Credit Ashley Broadway
Ashley Broadway, left, married her 15-year companion, Lt. Col. Heather Mack, in November, but was later denied entry into a Fort Bragg spouses club.
Pentagon opts not to intervene in ban of lesbian by Fort Bragg spouses clubThe Pentagon is endorsing a move by leaders at Fort Bragg to stay out of a decision made by its on-base spouses club to refuse membership to the lesbian spouse of a female Army lieutenant, a Department of Defense spokesman said Wednesday.
The legal basis for the Pentagon’s stance is a department-wide “instruction” drafted in 2008, three years before the repeal of the military’s anti-gay “Don’t Ask Don’t Tell” policy, said Nathan Christensen, a spokesman for the Pentagon. That directive ensures that “non-federal entities” operating on U.S. military installations don’t discriminate on the basis of “race, color, creed, sex, age, disability, or national origin.” There is no mention of discrimination based on sexual orientation.

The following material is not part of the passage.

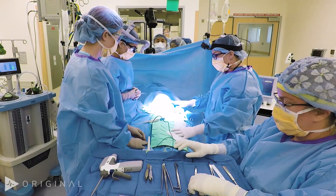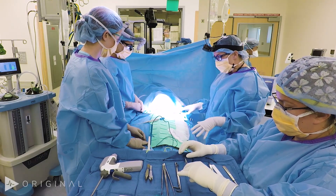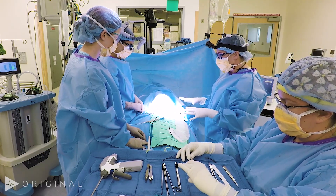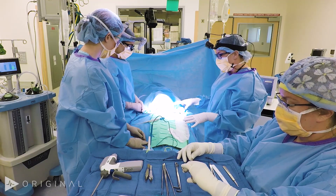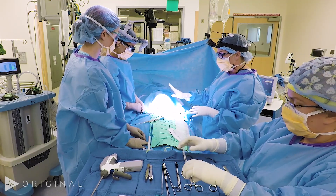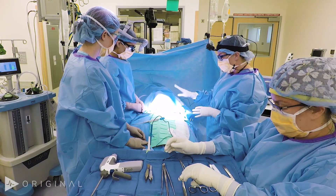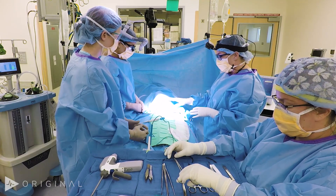Today we're going to be doing a total thyroidectomy. Before we begin, we want to review the patient positioning and some of the instruments we use. The patient is placed on the table in the supine position. Following intubation, we use an EMG endotracheal tube for laryngeal nerve monitoring, so anesthesia needs to be notified of that prior to the case so they have the right equipment.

NBC News reported Dec. 14 that Ashley Broadway, the newlywed wife of Lt. Col. Heather Mack, was blocked from joining the spouses club at Fort Bragg, N.C., sparking accusations from a national military spouses organization that Broadway was being blackballed only because she is a lesbian.
The Army’s handling of that matter runs counter to a directive issued Jan. 9 by Marine Corps leaders who ordered that same-sex spouses be allowed to participate in spouses clubs at all Marine bases.
“The Officer Spouses' Club at Ft. Bragg is in compliance with the DOD instruction,” Christensen said. “When you look at the instruction there are a few things it has to meet. As long as they meet those criteria, they’re allowed to meet on the base.”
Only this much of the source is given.